July 8, 2022

UCalgary researcher helps solve secret of strengthening metals

Ahmed Tiamiyu uses laser-based system to explore metal formation at extremely tiny scale
AhmedTiamiyu
Ahmed Tiamiyu is hoping his research will help develop stronger metals. Joe McFarland, Schulich School of Engineering

It’s become one of the great challenges for the construction and transportation industries: how to make stronger metals.

Different processes have been developed and used to refine the process everything from casting and machining to rolling all with the goal of changing the size and shape of the tiny crystalline grains that compose steel, aluminum and other metals.

While metallurgists know the key is to make those grains smaller, it’s not an easy process.

Several researchers, including an assistant professor at the University of Calgary, have been able to study what happens to those grains and, for the first time, have found a mechanism to make it happen.

Dr. Ahmed Tiamiyu, PhD, began the work while he was an MIT postdoc and recently had his findings published in the journal Nature Materials.

Invisible to the naked eye

The most common way of making grains smaller in metals is by deforming and heating them, otherwise known as recrystallization. However, determining how it takes place at faster speeds and on a smaller scale is difficult. Tiamiyu says:

I proposed we investigate the fate of grains by gradually increasing the particle impact speed, which, in turn, results in increased strain, strain rate and temperature of the participating materials. We discovered a rather new mechanism of grain refinement.

The resulting process is called “nanotwinning-assisted dynamic recrystallization.” The process occurs in far less than a second when a laser is used to launch particles invisible to the naked eye at very high velocities.

Creating the right environment

Tiamiyu, who is now an assistant professor in the Schulich School of Engineering’s Department of Mechanical and Manufacturing Engineering, was tasked with carrying out the experiments with the laser-based system.

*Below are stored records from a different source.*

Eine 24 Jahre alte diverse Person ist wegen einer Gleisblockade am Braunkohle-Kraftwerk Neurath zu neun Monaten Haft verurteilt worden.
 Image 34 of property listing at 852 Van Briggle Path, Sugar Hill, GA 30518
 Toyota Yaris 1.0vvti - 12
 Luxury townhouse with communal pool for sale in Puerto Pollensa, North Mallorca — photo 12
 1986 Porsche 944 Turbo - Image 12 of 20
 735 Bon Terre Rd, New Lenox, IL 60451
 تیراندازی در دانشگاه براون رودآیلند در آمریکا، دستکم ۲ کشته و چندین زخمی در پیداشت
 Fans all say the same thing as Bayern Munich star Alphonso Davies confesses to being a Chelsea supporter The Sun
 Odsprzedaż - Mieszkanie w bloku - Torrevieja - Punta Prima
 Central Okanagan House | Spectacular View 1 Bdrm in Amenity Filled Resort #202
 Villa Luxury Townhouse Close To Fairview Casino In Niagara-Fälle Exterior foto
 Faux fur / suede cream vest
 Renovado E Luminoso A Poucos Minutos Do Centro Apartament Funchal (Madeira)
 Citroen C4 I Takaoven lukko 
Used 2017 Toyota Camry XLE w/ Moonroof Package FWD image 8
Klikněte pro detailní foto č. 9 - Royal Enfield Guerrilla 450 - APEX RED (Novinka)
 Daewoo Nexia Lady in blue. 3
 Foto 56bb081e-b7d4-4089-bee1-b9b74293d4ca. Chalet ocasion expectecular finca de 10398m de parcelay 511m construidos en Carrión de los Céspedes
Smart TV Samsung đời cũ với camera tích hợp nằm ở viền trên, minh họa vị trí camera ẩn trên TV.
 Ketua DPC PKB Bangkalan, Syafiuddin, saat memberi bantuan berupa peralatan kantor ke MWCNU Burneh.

He would shoot very tiny (10-micrometre, or one-millionth of a metre in size) particles at a surface at different speeds, watch the particle-impact moment in real time, and then cut the metals open to see how the grain structure evolved, down to the nanometre scale (that’s one-billionth of a metre).

Not only was Tiamiyu’s team able to unravel the mystery nanograins formation, but a documented set of conditions to repeat the process was also created.

“We developed a user-friendly map in this work that can be used to predict the onset of nanograins for any metal,” says Tiamiyu, whose team included three MIT professors, along with an MIT alumnus and a current student.

Far-reaching implications

Tiamiyu believes the metal-production industry will be able to make use of the findings and graphs right away, as they provide guidance on the degree of deformation needed, how fast that deformation takes place, and the temperatures needed to get the best result for each metal.

“They’re not just hypothetical lines,” he said in an MIT article. “If you’re trying to determine if nanograins will form, if you have the parameters, just slot it into our formulas and the results will show.”

While the research results have an overarching structural application, Tiamiyu says the findings could also be useful at a smaller scale.

“They could be used for lightweight applications that are strategic to minimize energy consumption and greenhouse emissions in the energy and transportation sectors,” he says.

“The smaller the grains, the stronger the metals, the lower the thickness or weight requirement for structural design, and, in turn, the lower the energy consumption and greenhouse gas emissions for combating global climate change.”

The research was supported by the Natural Sciences and Engineering Research Council of Canada (NSERC), the U.S. Department of Energy, and the Office of Naval Research.